Timing taken from the chart generator script which calculates entropy and token efficiency for each candidate secret.
shots fired! I repeat shots fired! I’m sorry but it’s not impressive when you ask an LLM to detect secrets if that’s your secret sauce. For 3 reasons - 1. it’s lazy. 2. it’s expensive. 3. it’s slow. LLMs for post-detection analysis is mad chill tho. I’m not an LLM hater, this is just a particular hill for me.
This is a great write-up. Thank you.
I am curious, though, about the internationalization side of this. For example, how would this fare against Polish or other Cyrillic-alphabet languages for tokenization? For example, the Polish word for "luck" (1 token) is "szczęście", which produces 4 tokens according to the tool you shared, which would meet the definition of "high tokenization" while still being a common "dictionary word".

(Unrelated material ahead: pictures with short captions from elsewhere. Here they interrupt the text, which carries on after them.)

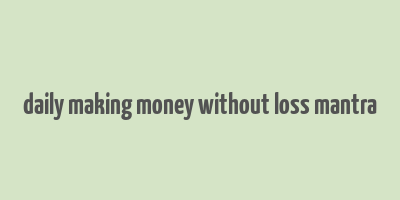 daily making money without loss mantra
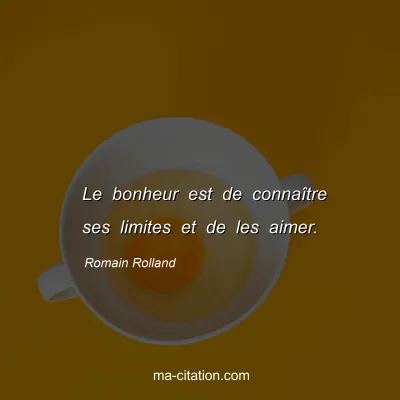 Romain Rolland : Le bonheur est de connaître ses limites et de les aimer.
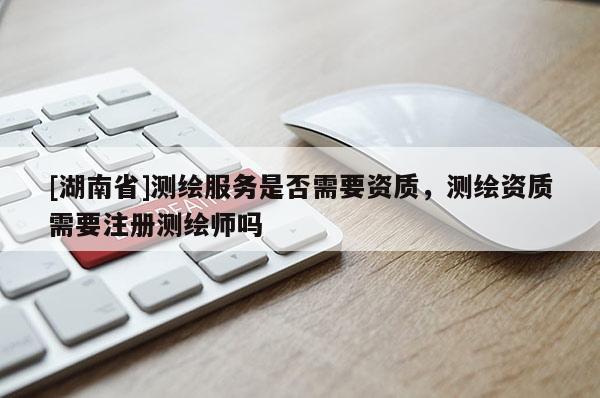 [湖南省]測繪服務(wù)是否需要資質(zhì)，測繪資質(zhì)需要注冊測繪師嗎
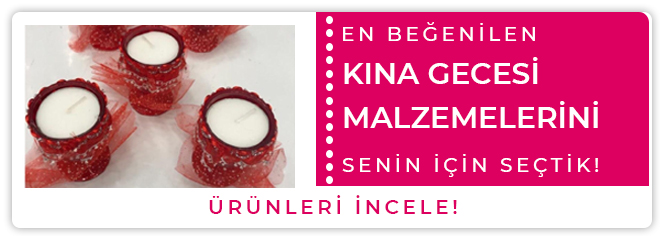 Evde Kına Gecesi Nasıl Yapılır?
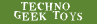 Techno Geek Toys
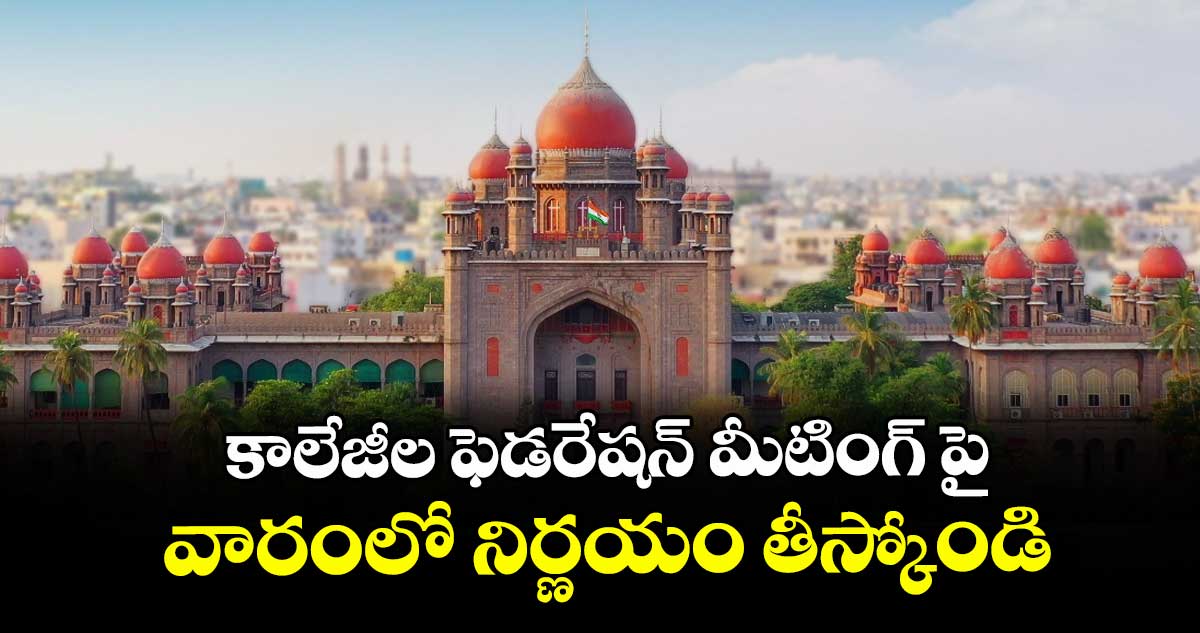 కాలేజీల ఫెడరేషన్ మీటింగ్ పై వారంలో నిర్ణయం తీస్కోండి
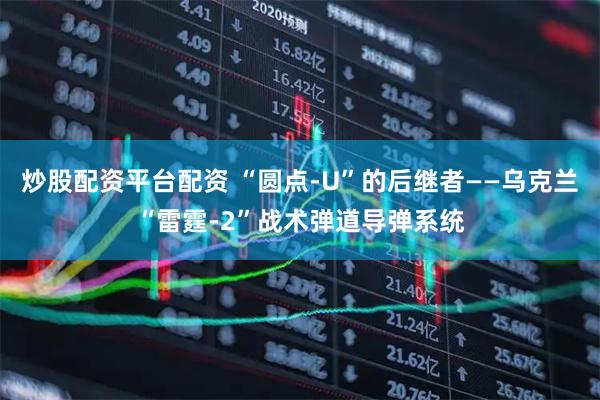 炒股配资平台配资 “圆点-U”的后继者——乌克兰“雷霆-2”战术弹道导弹系统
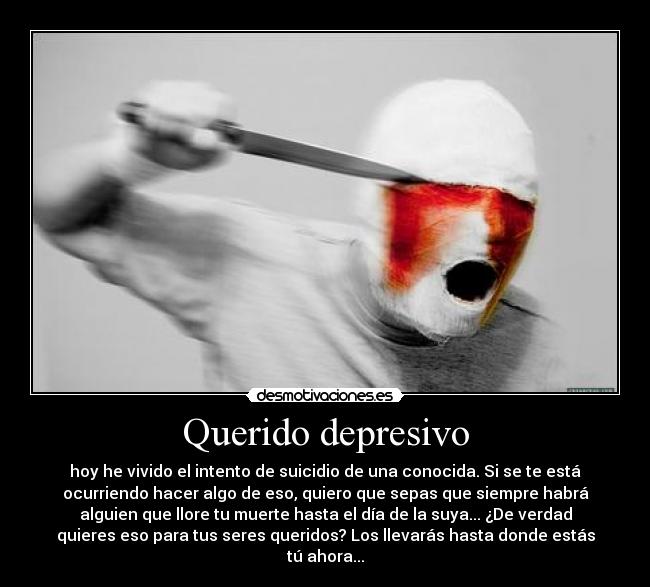 Querido depresivo - hoy he vivido el intento de suicidio de una conocida. Si se te está
ocurriendo hacer algo de eso, quiero que sepas que siempre habrá
alguien que llore tu muerte hasta el día de la suya... ¿De verdad
quieres eso para tus seres queridos? Los llevarás hasta donde estás
tú ahora...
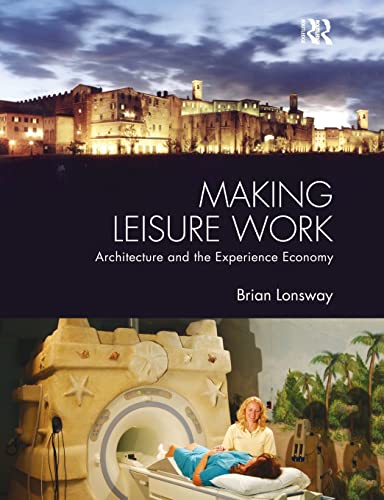 Making Leisure Work: Architecture and the Experience Economy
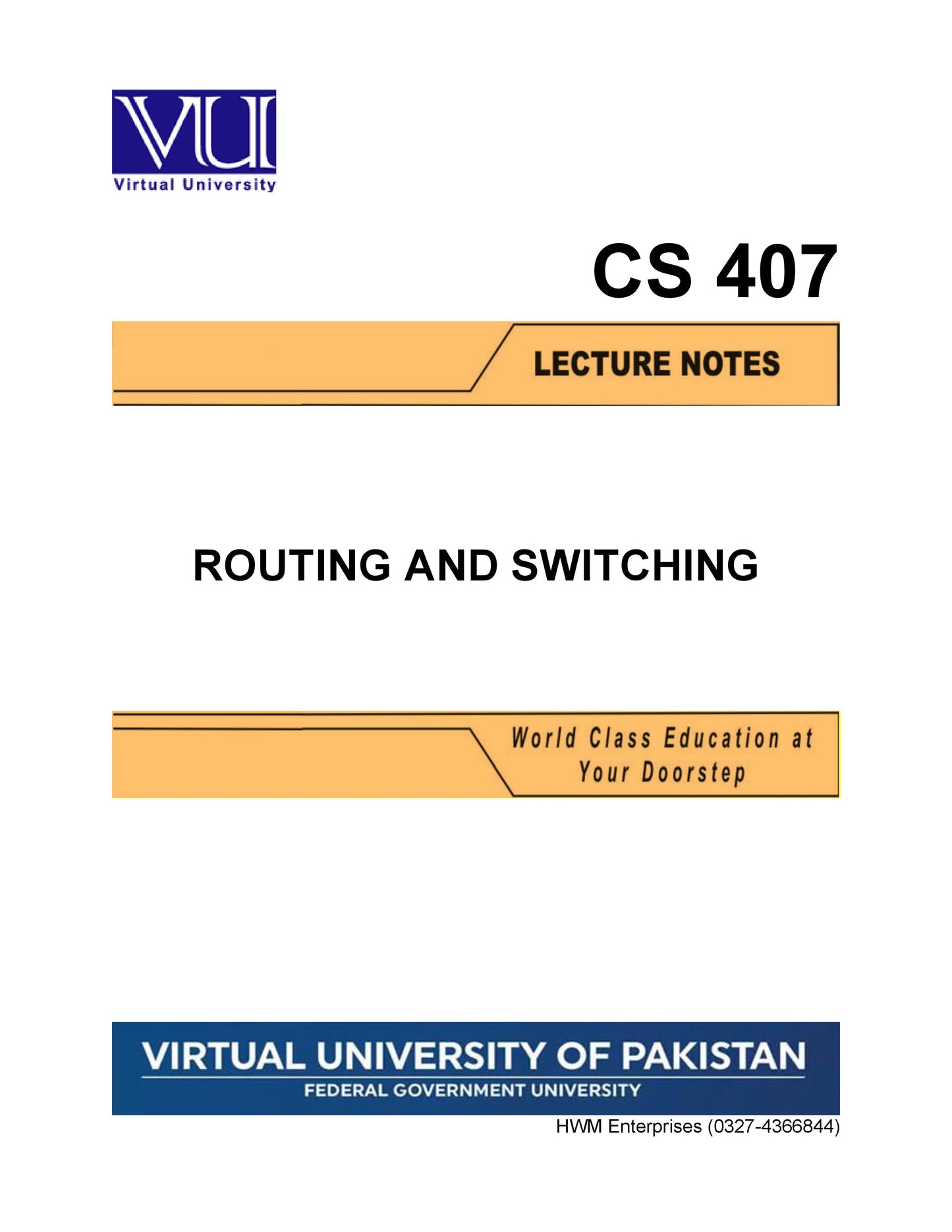 CS 407 Routing and Switching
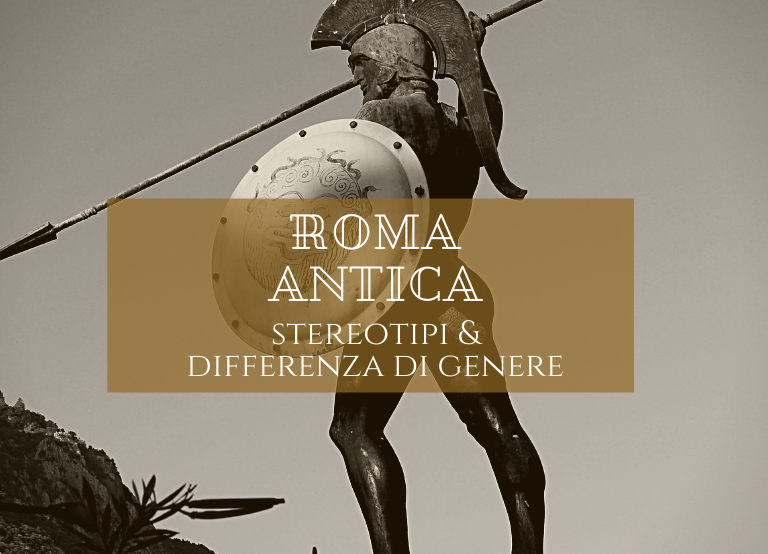 Roma antica: stereotipi e differenze di genere.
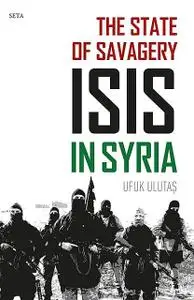 «The State of Savagery: ISIS in Syria» by Ufuk Ulutaş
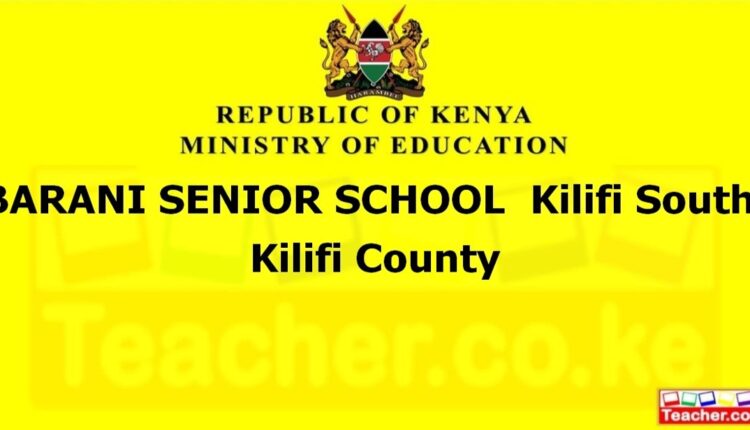 Barani Senior School - Kilifi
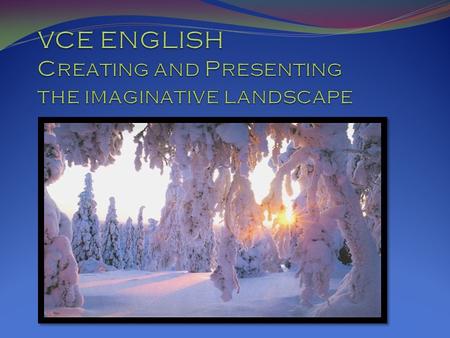 OUTCOME 2: Creating & Presenting CONTEXT: The Imaginative Landscape FOCUS TEXTS: ‘ One Night the Moon’, - short film and ‘Island’- a collection of short.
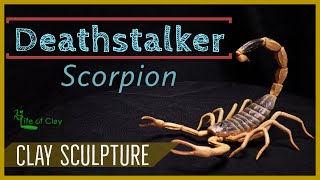 Sculpting Deathstalker Scorpion  Scorpion Sculpture Leirus quinquestriatus LifeofClay [upl. by Qerat378]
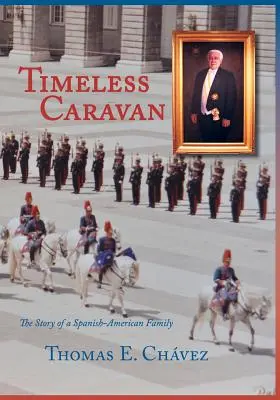 Nadčasová karavána: Príbeh španielsko-americkej rodiny - Timeless Caravan: The Story of a Spanish-American Family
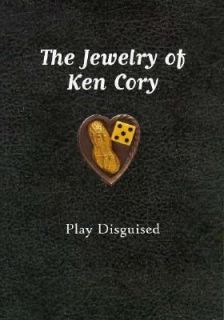 The Jewelry of Ken Cory Play Disguised by Ben Mitchell 1997, Paperback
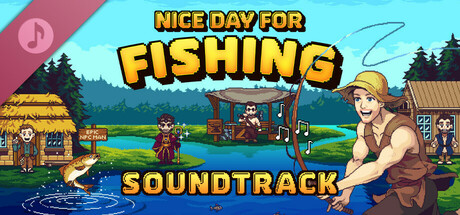Nice Day for Fishing Official Soundtrack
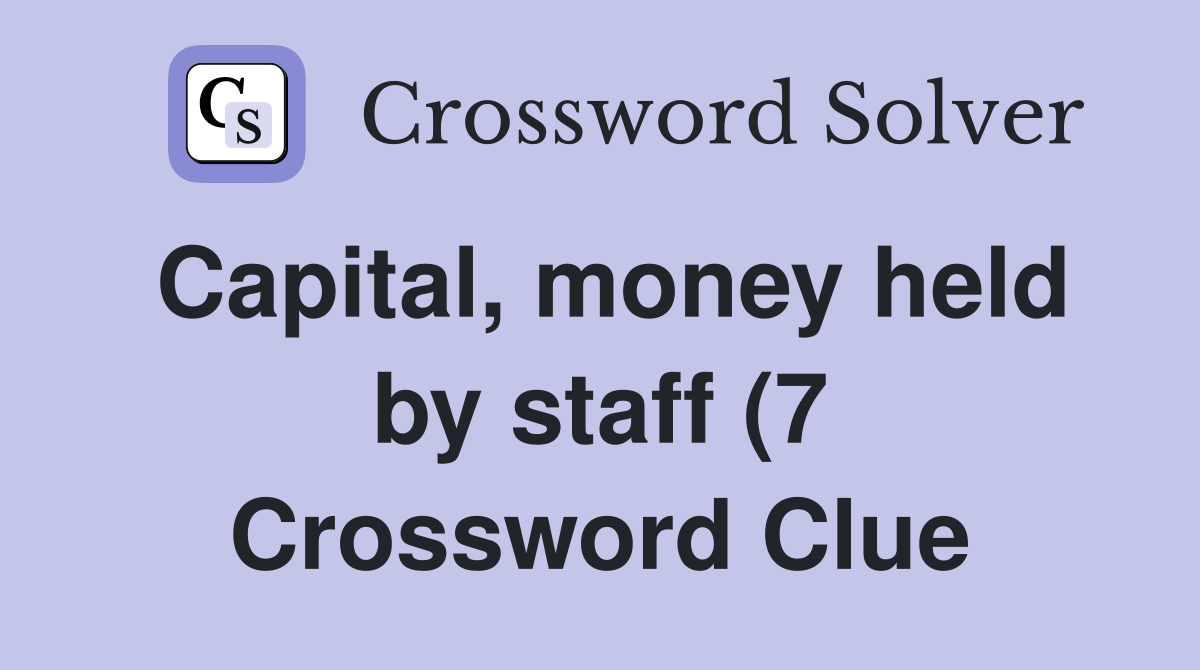 Capital money held by staff (7) Crossword Clue Answers Crossword Capital money held by staff (7) Crossword Clue Answers Crossword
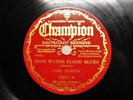 1936 Blues 78 CARL MARTIN - High Water Flood Blues / I'm Gonna Have My Fun (E-)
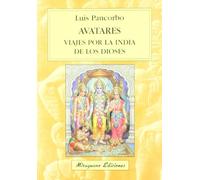 Avatares. Viajes por la India de los dioses (Viajes y Costumbres)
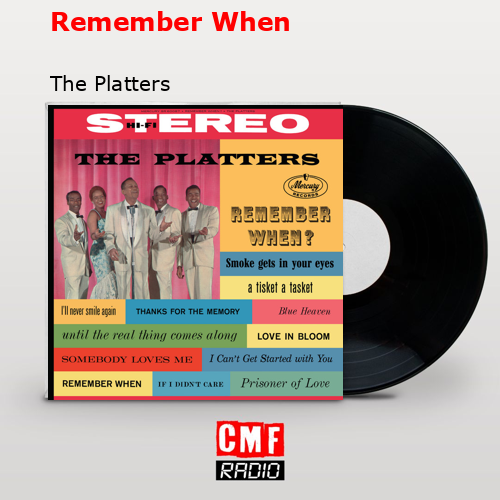Remember When – The Platters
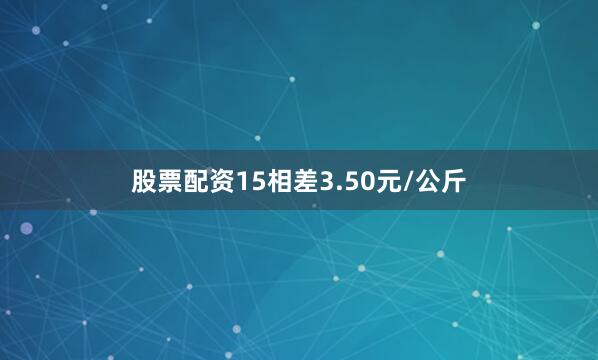 股票配资15相差3.50元/公斤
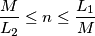 \frac{M}{L_2} \le  n \le  \frac{L_1}{M}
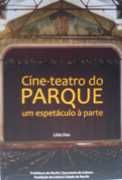 Cine-Teatro do Parque - Um Espetculo  Parte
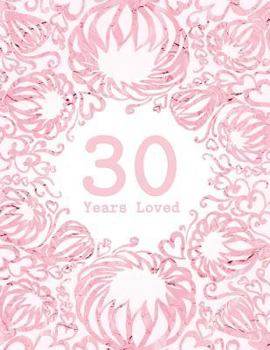 Paperback 30 Years Loved Book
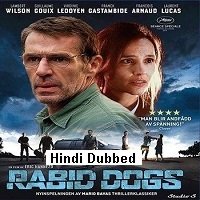 Rabid Dogs (2015) Hindi Dubbed Full Movie Watch Online HD Print Free Download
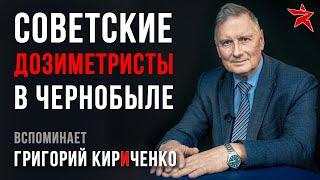 Советские дозиметристы в Чернобыле. Вспоминает Григорий Кириченко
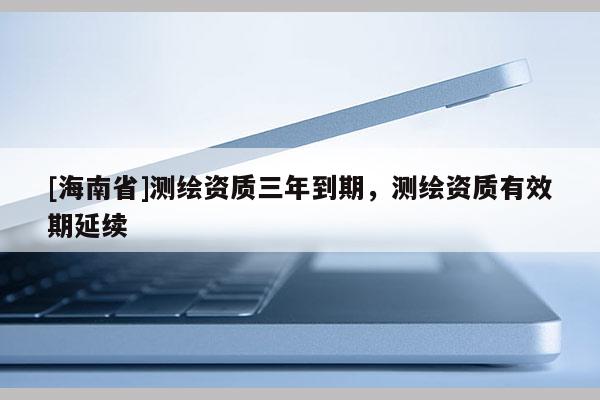 [海南省]測繪資質(zhì)三年到期，測繪資質(zhì)有效期延續(xù)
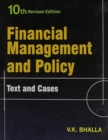 Image for Financial Management and Policy : Texts and Cases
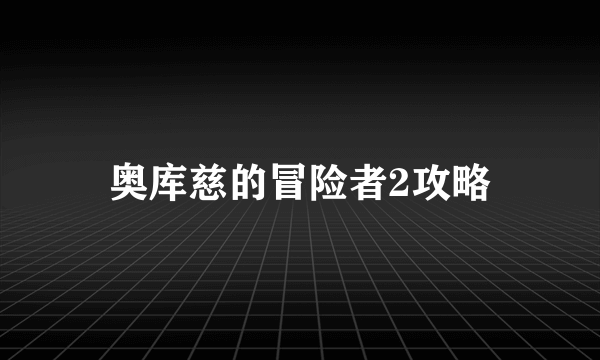 奥库慈的冒险者2攻略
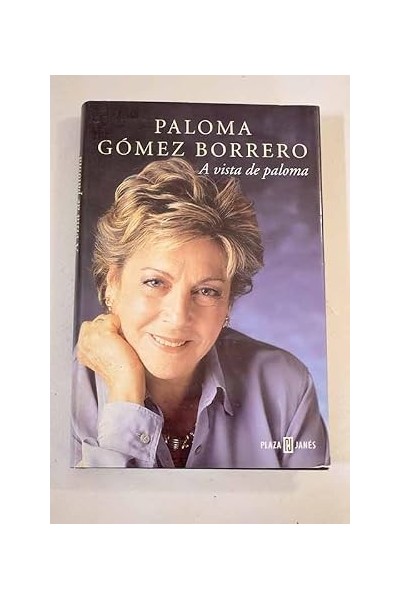 A vista de paloma - Paloma Gómez Borrero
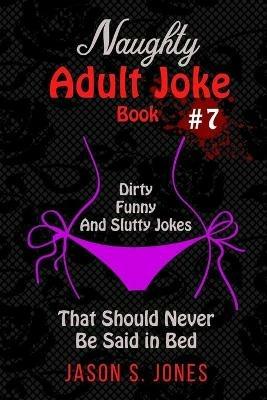 Naughty Adult Joke Book #7: Dirty, Funny And Slutty Jokes That Should Never Be Said In Bed - Jason S Jones - cover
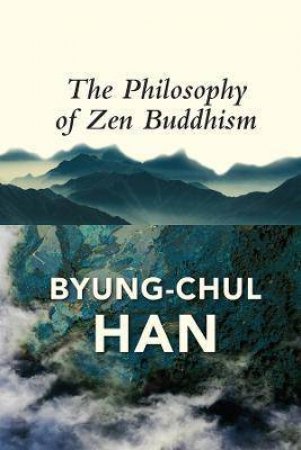 The Philosophy Of Zen Buddhism by Byung-Chul Han & Daniel Steuer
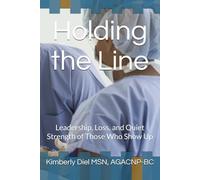 Holding the Line: Leadership, Loss, and Quiet Strength of Those Who Show Up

I am wondering if this means for English words this makes sense due to training bias, but for other alphabets, maybe entropy might still be needed?
Thanks for the acknowledgment, and glad I was able to contribute.
Great article!
I wonder if you looked manually into the TNs in the [2.0, 2.5] token effeciency range - what are they; Are they largely weak hand-created passwords? Or something short? In many use-cases, the stakeholder may decide this is not what they even need to protect against. If a someone is using `Passw0rd-gmail` as a credential (14/6 = 2.33), they have bigger problems besides it being hardcoded somewhere, and it may not be worth protection at a scanner level. Potentially the threshold can still be moved to 2.00 or 2.05-2.10.
P.S> I also continue developing this idea separately, but haven't had a chance to publish a formalized research like you did - congarts! I still like the term 'token density'. Although in that case the formula needs to be reversed; len(tok)/len(str) with density thresholds lingering in the 0.5-ish range.